Work request:
Set down, exactly as written, the lines from the line holding "TWO 3 PACKS FRUIT OF THE LOOM MENS T-SHIRTS" to the end of the data, inclusive, skipping any pictures.

Data shown:
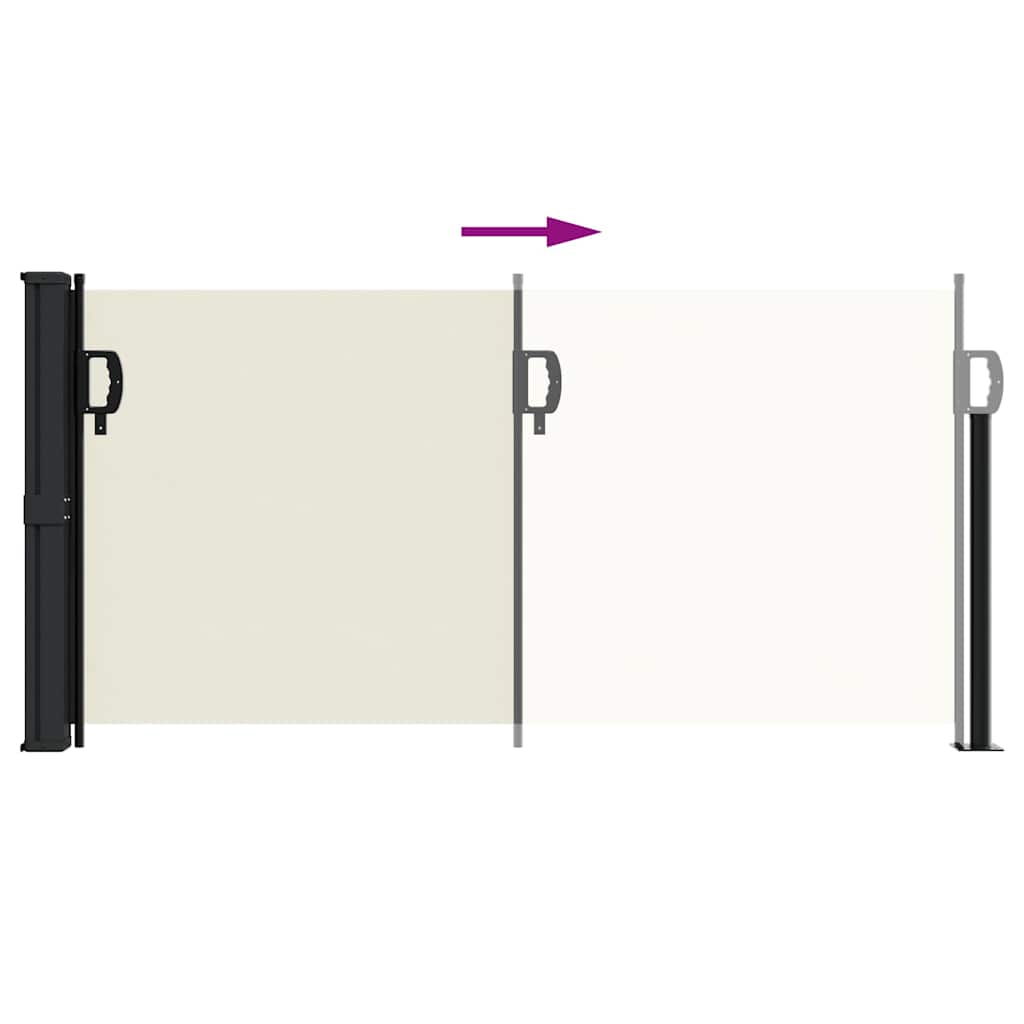 Retractable side awning, cream, 100x500cm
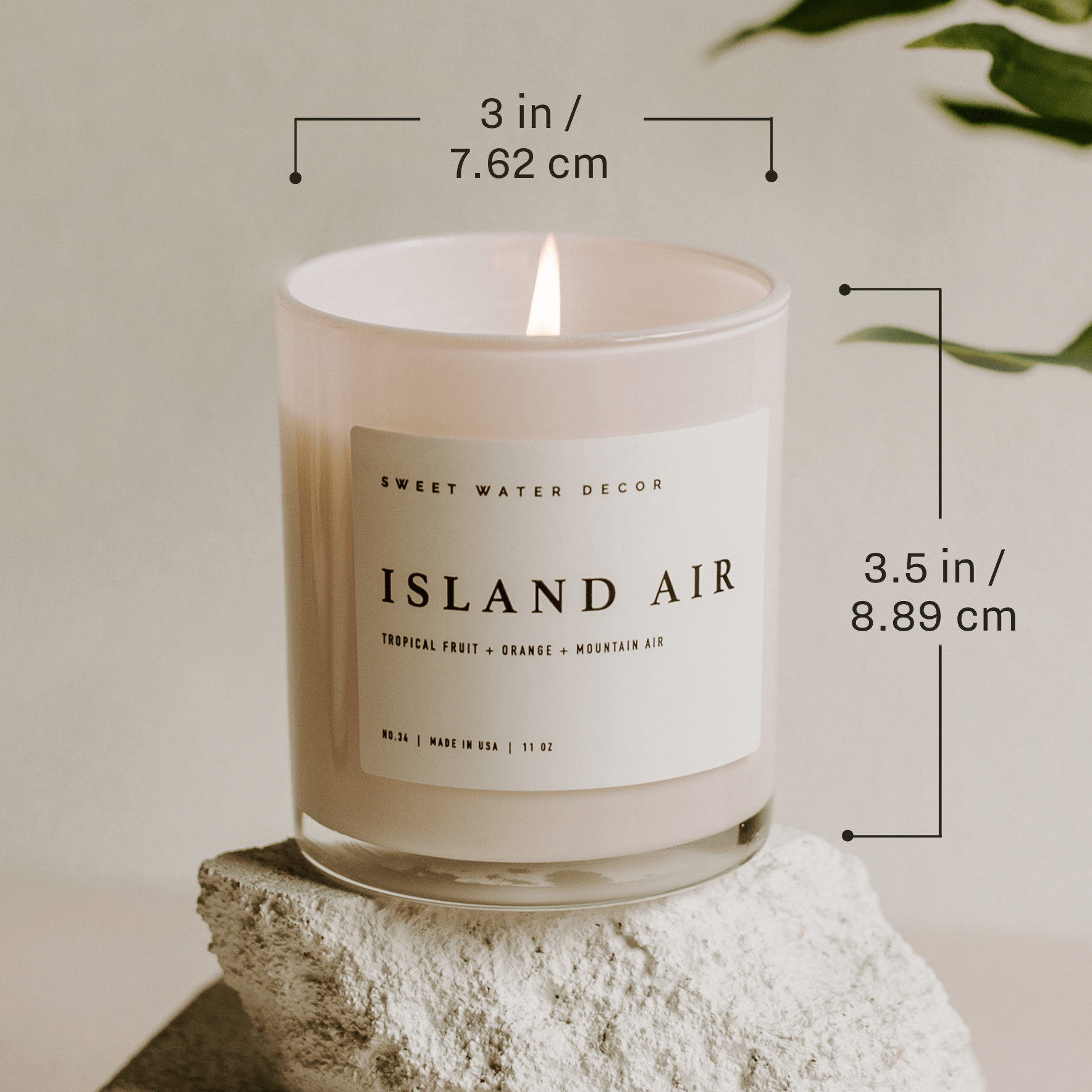 Mango and Coconut Soy Candle - White Jar - 11 oz Sweet Water Decor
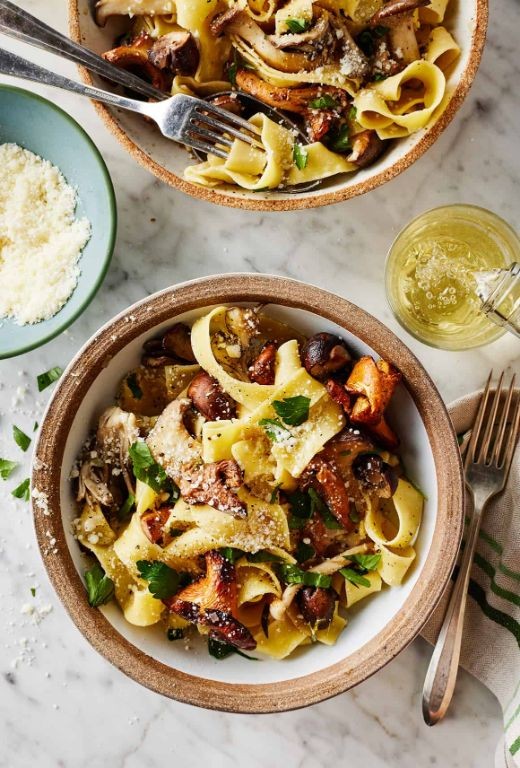 Lemon Mushroom Pasta with White Wine Sauce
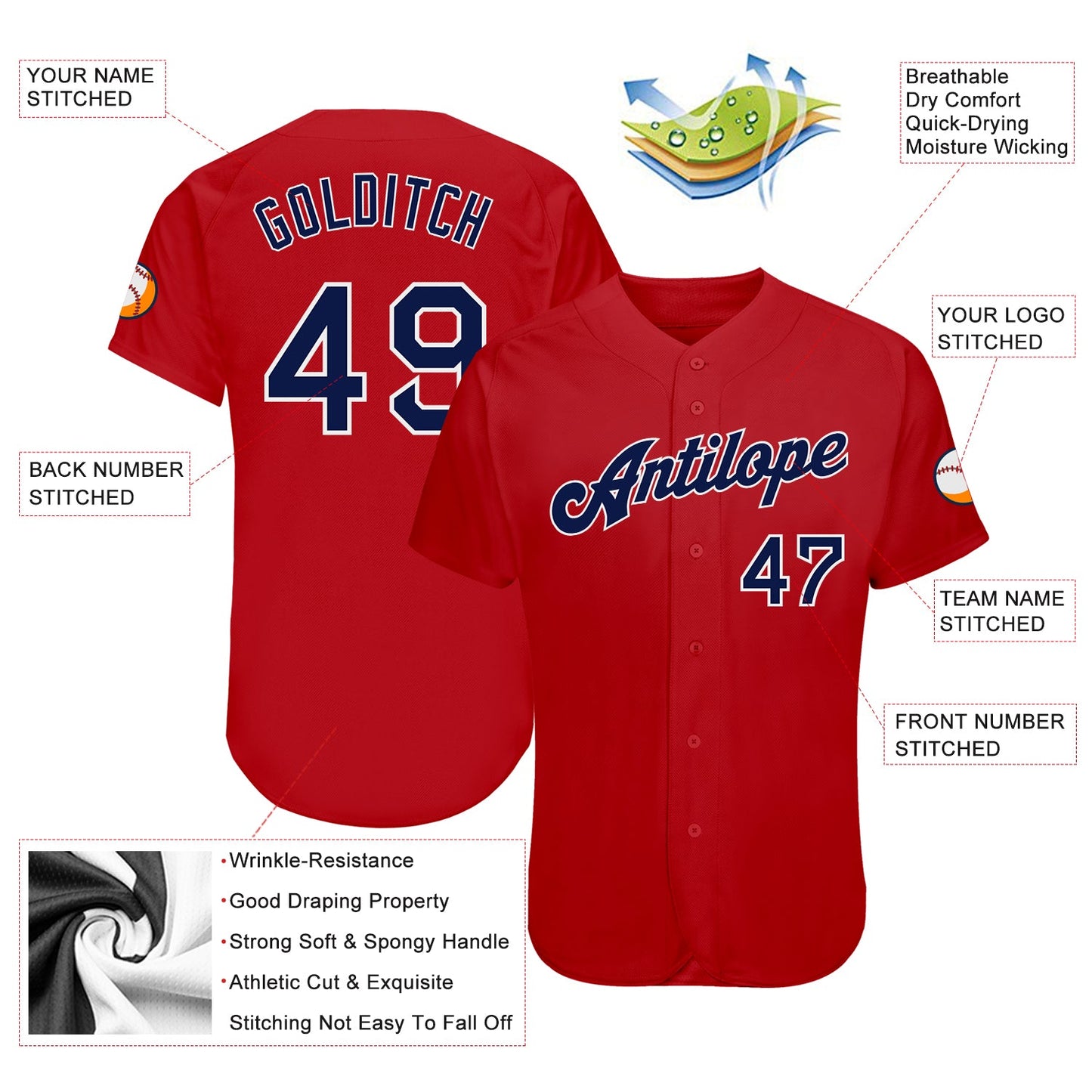 Custom Red Navy-White Authentic Baseball Jersey view 3
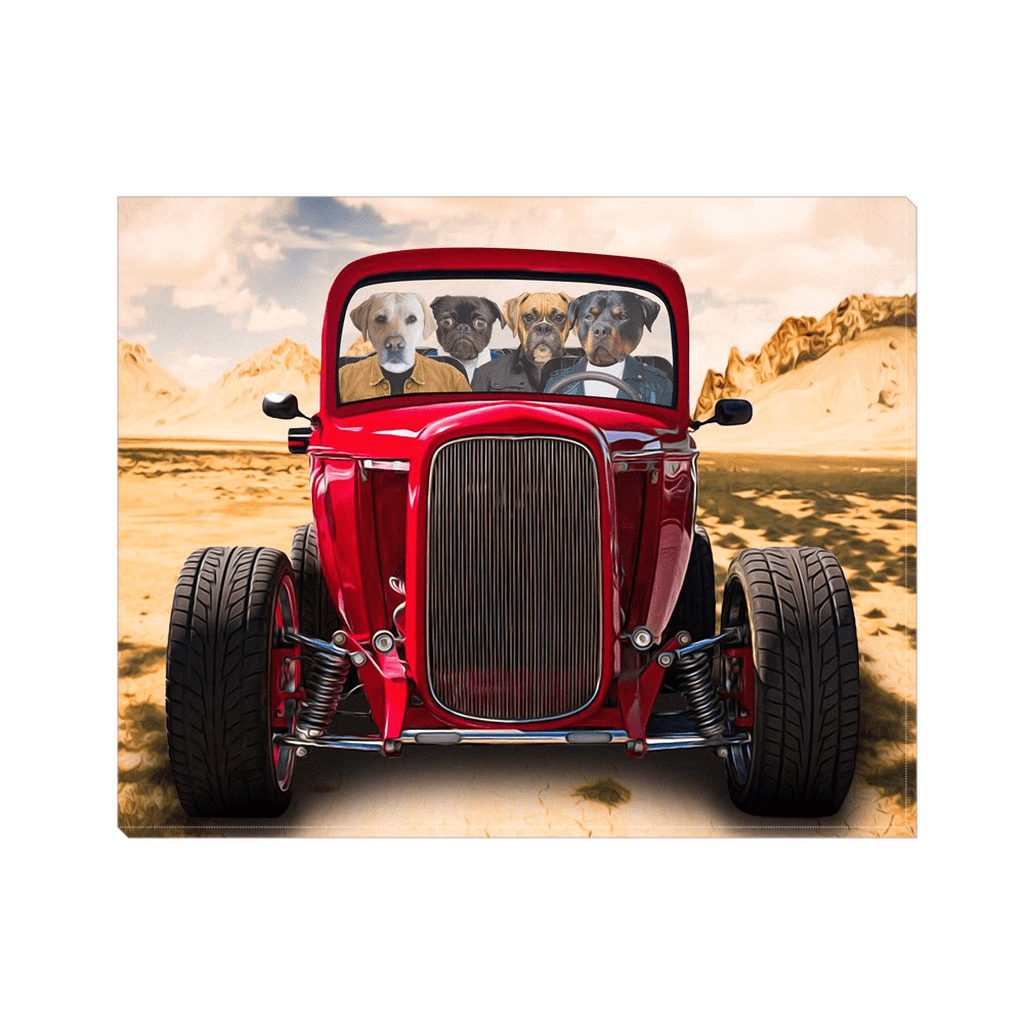 Four pets in a red vintage hot rod canvas, driving through a desert landscape.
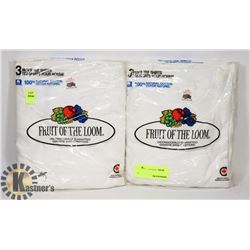 TWO 3 PACKS FRUIT OF THE LOOM MENS T-SHIRTS
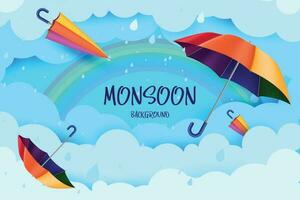 contento monsone stagione sfondo. arcobaleno, ombrello nuvole, tuono, carta barca e pioggia scarpe vettore
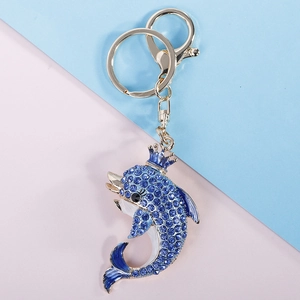 Blue rhinestone dolphin keychain with gold crown and lobster clasp for bag decoration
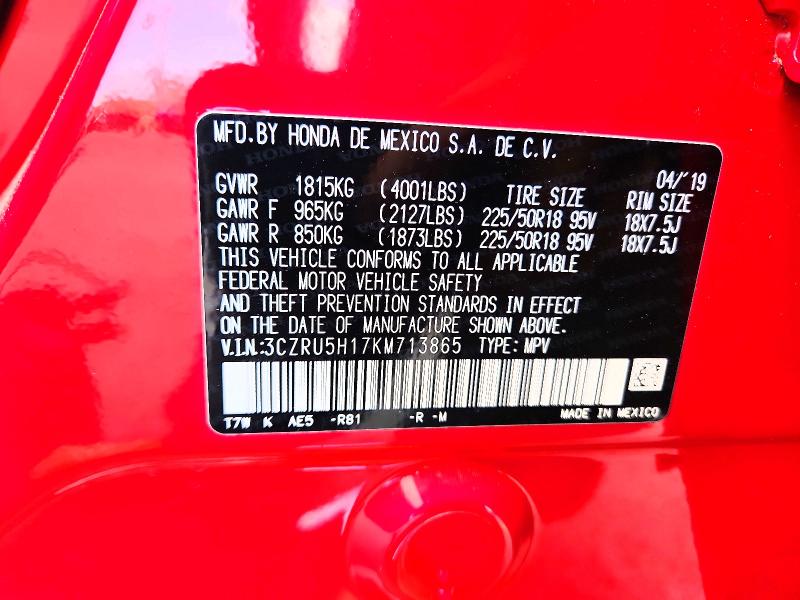 Продажа на аукционе авто 2019 Honda Hr-v, vin: 3CZRU5H17KM713865, номер лота: 65550756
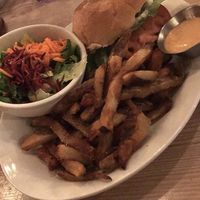 ‘Chicken’ burger  at MeeT in Gastown in Vancouver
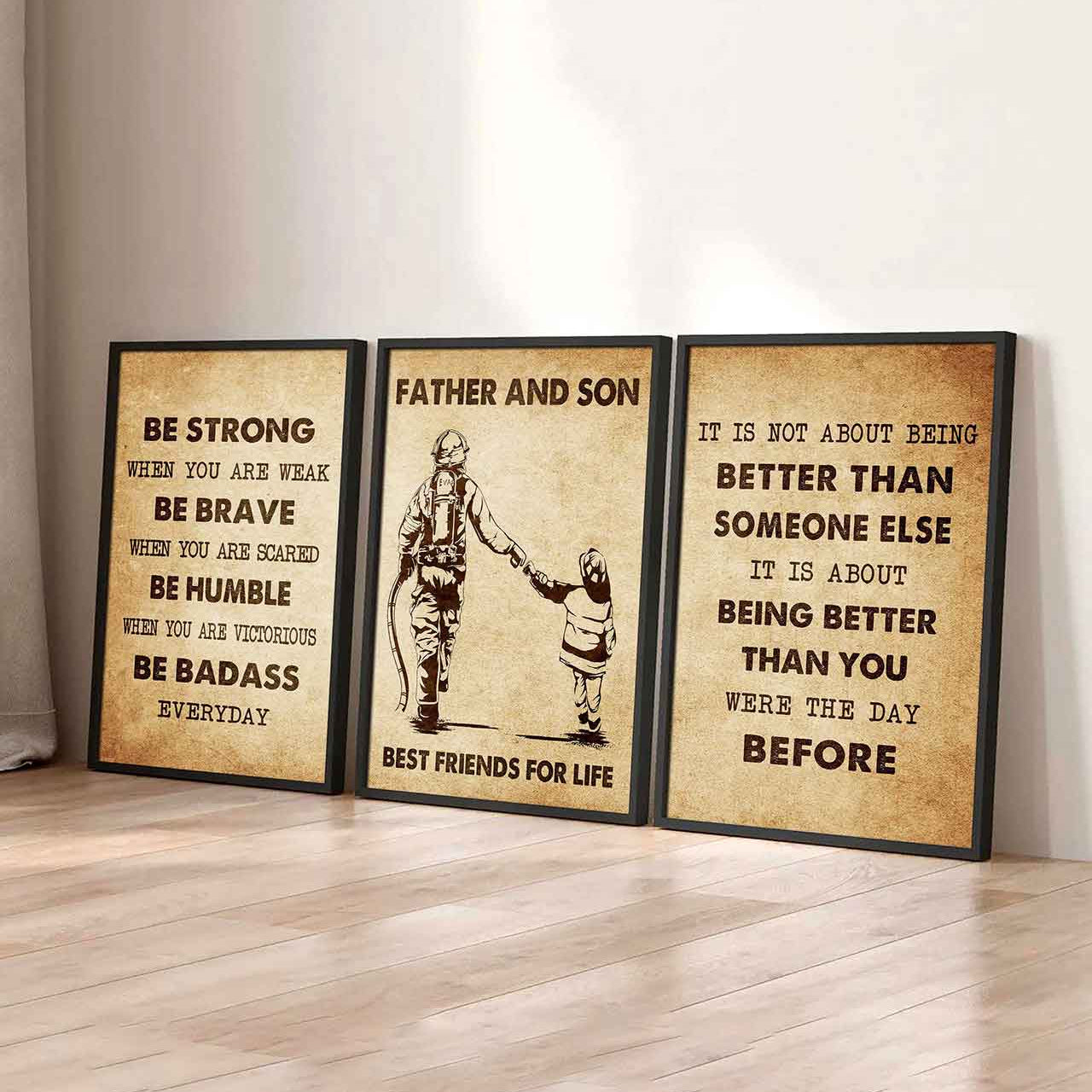 Combo 3 Biker Poster Canvas Be Strong When You Are Weak - It's Not About Being Better Than Someone Else It's About Being Better Than You Were The Day Before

Task response:
 TWO 3 PACKS FRUIT OF THE LOOM MENS T-SHIRTS
 contento monsone stagione sfondo. arcobaleno, ombrello nuvole, tuono, carta barca e pioggia scarpe vettore
 Blue rhinestone dolphin keychain with gold crown and lobster clasp for bag decoration
 Продажа на аукционе авто 2019 Honda Hr-v, vin: 3CZRU5H17KM713865, номер лота: 65550756
 ‘Chicken’ burger  at MeeT in Gastown in Vancouver
 Combo 3 Biker Poster Canvas Be Strong When You Are Weak - It's Not About Being Better Than Someone Else It's About Being Better Than You Were The Day Before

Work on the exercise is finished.